Want to get into the C-suite? There's no substitute for (the right) experience
So you say you'd like to snap off a piece of that C-suite action? It turns out that varied experience might get you there a bit faster.
At least, that's what an analysis of 459,000 respondents to a LinkedIn survey reveals.
To be sure, there's no getting around the customary price of admission: working hard, working smart, taking the lead and having a dollop of good fortune. But the new x-factor is having experience in as many of your firm's functional areas as possible.
Don't just spend decades in the finance department. It's far better (for your career) to spend fewer hours there and more in places such as marketing or even compliance. Just sayin'.
Now before you run off and join Uncle Fred's towing business, hold on just a second. Turns out you also need to get the right kind of varied experience. Turns out if you want to get to the top (or near the top) of a long-term care organization, you'll be better served by staying in the senior living sector. It's not necessarily a career killer to come from another industry, but it may cost you. That's largely because you might not have the right contacts needed to make a grab for the brass ring. At least, that's what the survey says.
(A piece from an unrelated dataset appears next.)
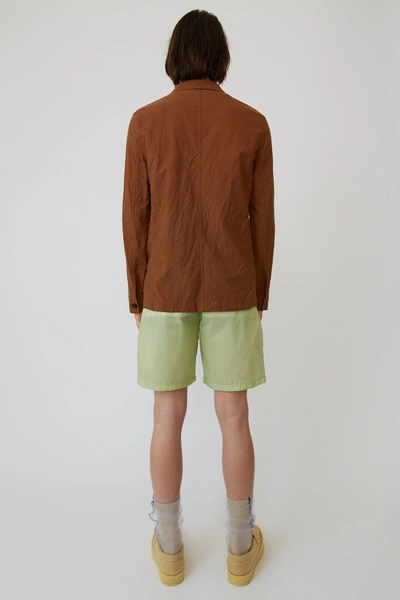 Shop Acne Studios  In Brown/ginger Orange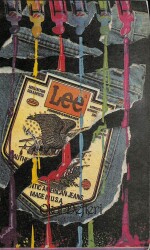 Lee Kot Görselli Okul Defteri 1970li Yıllar DFT73 - Gökçekoleksiyon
Interestingly, investigators found that switching jobs within the same field did not seem to help or hurt.
The survey also found:
MBAs usually are worth the investment, especially if they are from a top 5 program. That sheepskin is like adding 13 years of work experience. In contrast, the boost from a MBA program that is not top-ranked can be far less — only five years, on average.
Location does matter. Working in a large city, such as New York or Chicago, increases the odds of becoming an executive, whereas odds actually get worse in places such as Houston or Washington, D.C.
Surprise! Men have a slight advantage. All other things being equal, a woman must gain 3.5 more years of work experience to reach the same probability of becoming an executive.
Good luck climbing that mountain. It may be lonely at the top, but the pay, perks and tax breaks are a noticeable improvement.